Before we get started, we should talk about how we can get a website. There are two issues here: getting a host and getting a domain. The host is the physical server where your website (the HTML pages) are stored. The domain is the URL that directs visitors to the website.
There is a whole spectrum of hosting solutions to choose from. Such spectrum is characterized by the technical difficulty in setting up and managing your website. But it also ranges in terms of flexibility you get, such as getting the design you prefer.

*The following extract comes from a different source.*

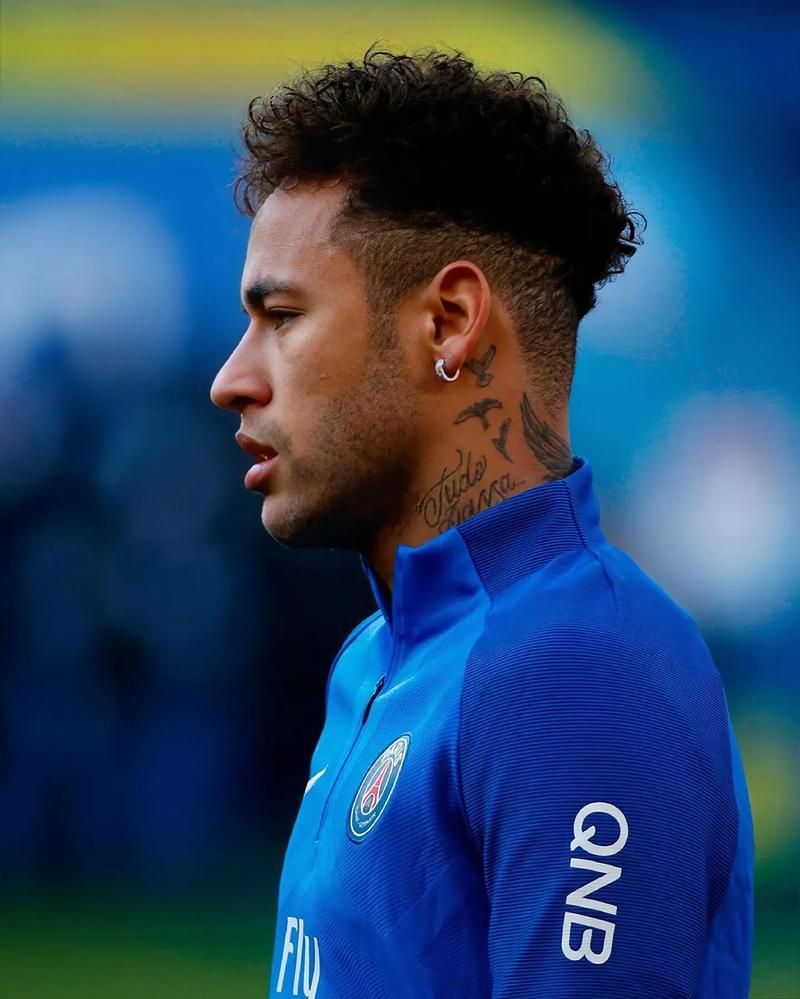 2025-26橄榄球欧冠R1格罗斯特胜卡斯特，托马斯威廉姆斯表现亮眼（2025-26欧冠橄榄球首轮：格罗斯特力克卡斯特，托马斯·威廉姆斯闪耀）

On the easy (but not very flexible) side we have options such as Google Sites, WordPress and Squarespace. These are easy-to-set-up hosting solutions, meaning that those companies will provide the hardware where your website will be stored. They will not expose the folder structure of the website to you, so you will not directly work on the files that constitute the website. Rather, they will provide an easy interface to build your website, typically with a point-and-click interface. These solutions are appealing because you can get a website with no coding experience. The cost here is that you do not get enough flexibility, so your website will probably never look exactly the way your would like. This post does not deal with this kind of hosting.

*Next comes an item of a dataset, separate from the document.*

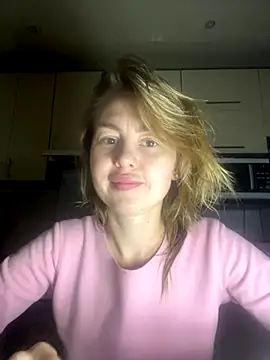 Snapshot of MartaLuna_ chatting on November 19, 2025, 7:03 pm MartaLuna online show from November 19, 2025, 7:03 pm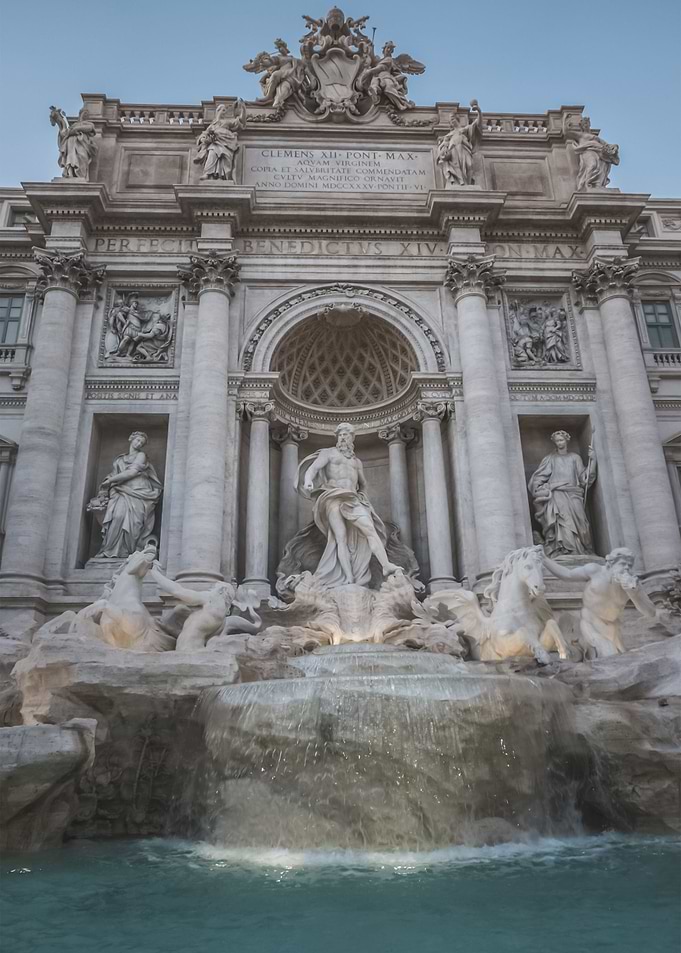 Statue 42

On the other hand, you may set up your own, physical server and manage it by yourself. This requires much knowledge about how the Internet works, how to get a static IP address (in order to reach your server) and so on. It is quite complicated to do that. This post does not deal with this kind of hosting either.
A reasonable (in my opinion) middle-ground solution is given by GitHub Pages or GitLab Pages. These are hosting solutions that can serve static websites. You get to manage the individual files, so you can get the website to look exactly like you want it, provided you know how to do it. You can also get predefined templates (think themes). You also do not get into the intricacies of setting up a physical server and you do not have to worry about how the Internet works. These solutions are also free of charge. This post deals with this sort of hosting solution.
A domain is a name that you type in the URL bar of your web browser. More technically, it is a human readable form of an IP address. It is the destination that you type into a web browser in order to visit a website. Getting a custom domain is costly. There are many vendors that sell domains, among which we have Google, Domain.com, namecheap and GoDaddy. Prices vary, but it is common to see them ranging from 8 to 20 EUR yearly.
$ jekyll new new_website # creates folder "new_website" $ cd new_website # moves into new folder $ bundle exec jekyll serve # generates a local preview of website
Open up a tab on your browser, navigate to
http://localhost:4000/. Here you will see the newly created website.
From here on we get into the details. First I describe the sort of environment I am working in. Then I present a small tutorial on how to get a website similar to mine.
In the following there are some code blocks. A line in code block starting with the dollar symbol (
$) denotes a Shell prompt. Linux and macOS both come with a shell (either Bash or Zsh). This may appear in your system as an application called Terminal. I won’t write here why using a terminal might be better than using a point-and-click interface. It should suffice to say: giving instructions through a terminal is much easier (and unambiguous) relative to a point-and-click interface.
If you are on Windows 10, you do not have an adequate shell out of the box (yes, you have PowerShell, but it sucks). In this case, install the Windows Subsystem for Linux (WSL) and you will obtain a full-fledged Linux environment to work with.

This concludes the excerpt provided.